Out of all currently operating tBTC wallets, up to 21% of group key shares are held on those nodes. Although with a 51-of-100 threshold disabling those nodes should not kill the liveness of wallets, in practice, the outcome will depend on the rest of the peers and the 21% liveness reduction is quite significant. Disabling those nodes today significantly increases the risk to the network with up to 21% liveness reduction of signing groups.
With TIP-92 changes, the company is put in an extremely difficult position. The stakes of customers will remain locked but they will not receive 15% rewards for their nodes as initially agreed.
Also, the fact beta stakers remain locked is something new, introduced in TIP-92. Before TIP-92, the beta stakers were required to cooperate with the DAO on unstaking and transitioning but their stake was not locked.

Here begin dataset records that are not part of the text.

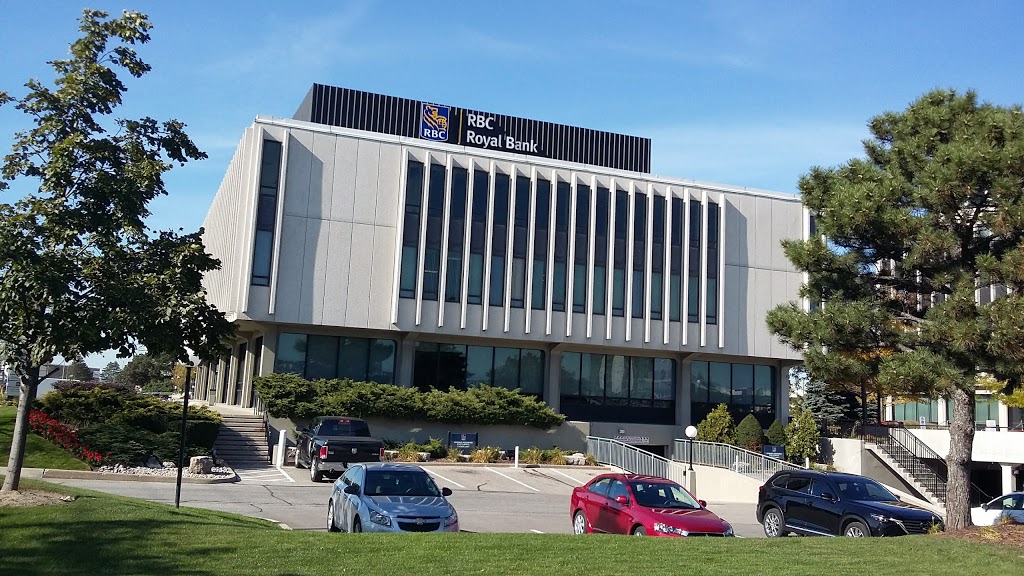 RBC Royal Bank | 6205 Airport Rd, Mississauga, ON L4V 1E1, Canada | Phone: (905) 671-6262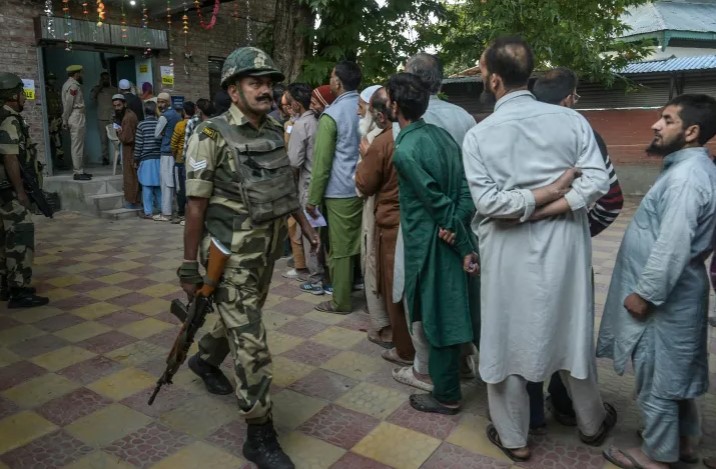 Voters Cast Ballots in Historic Kashmir Elections 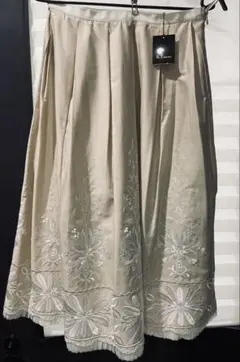 【未使用】K.T. KIYOKO TAKASE 刺繍スカート ベージュ 結婚式等のサムネイル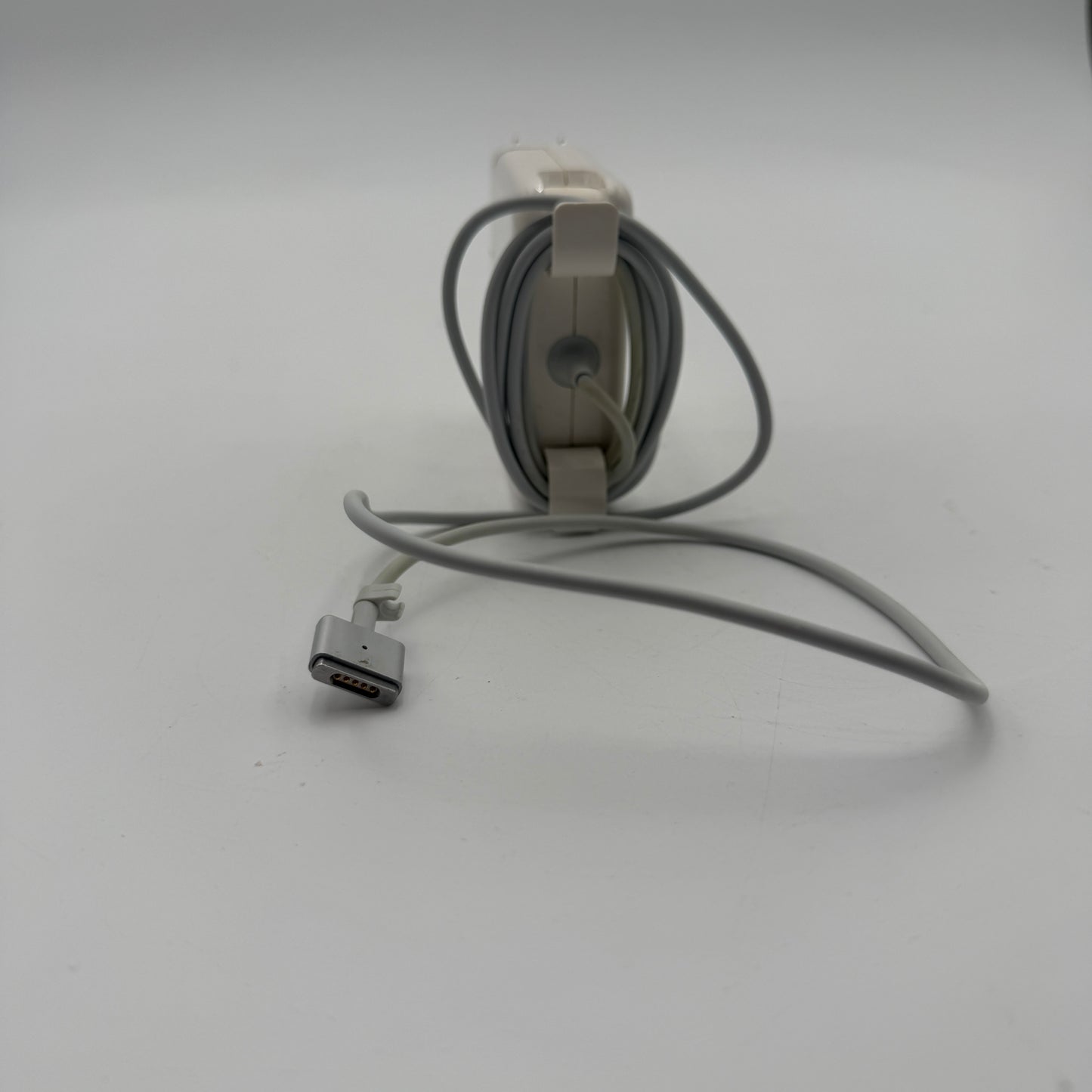 Apple Macbook Charger A1424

To address this issue we propose to allow unlocking the stake of those beta stakers immediately, just like the rest of the stakers. In addition to that, we commit to keep running those nodes for $2000/mo per node, paid in T starting Feb 14th, with an option to switch to a single node in the future with the DAO delegation. Although nodes with no stake will not participate in key generation rituals, they will continue to respond to signing requests. The proposed solution fixes TIP-92 rugging a selected group of stakers and prevents degradation of the network.
Note that these were the first beta staker nodes to take on all the risk and effort at the launch of the tBTC v2 protocol, and now they are being left rugged. This proposal addresses the unacceptable clutter and confusion caused by the recent other TIPs. The problem has to be solved ASAP as it’s crucial for network stability.
Boar was one of the three initial staking providers that run tBTC nodes since the inception. Their past and current contribution is invaluable. They always provided excellent uptime, prompt upgrades, and operational excellence that positively impacted tBTC. Moreover, I cannot count how many times they supported the development team during investigation of various problems affecting the whole systems (e.g. DKG, signing delays, and many more). Last but not least, they did it all without receiving additional gratification from the DAO, despite the DAO provided such gratifications to community beta stakers.
That said, forcibly locking beta stakers and treating them worse than non-beta stakers (who were not providing any actual service to the network) is just unfair. Moreover, such a decision will have a really negative effect on the overall network. Hypothetically, disabling 21% of the nodes will dramatically slow down tBTC operations like deposit sweeps and redemptions for existing wallets (wallets will have less active participants and more retries will be needed to achieve success). Additionally, disabling those nodes will significantly worsen protocol decentralization. Last but not least, locking stakes in such a way will undermine operators’ confidence in the DAO and simply decrease DAO’s credibility in the long term.
I totally get the concerns presented in this proposal. The problem is serious and must be addressed promptly.
I would go even further than what is proposed in this TIP and keep all those nodes operational and participating in key generations for new wallets as long as no transition to BitVM is performed per TIP-100. As long as the network uses 51-of-100 threshold, the operational excellence of existing stakers is crucial as we have already observed heartbeat failures in the past.
I agree the tokens of external stakers should not be locked. They should be replaced by DAO delegations to the same staking provider. It is possible even right now (with caveats) by increasing and later decreasing authorization.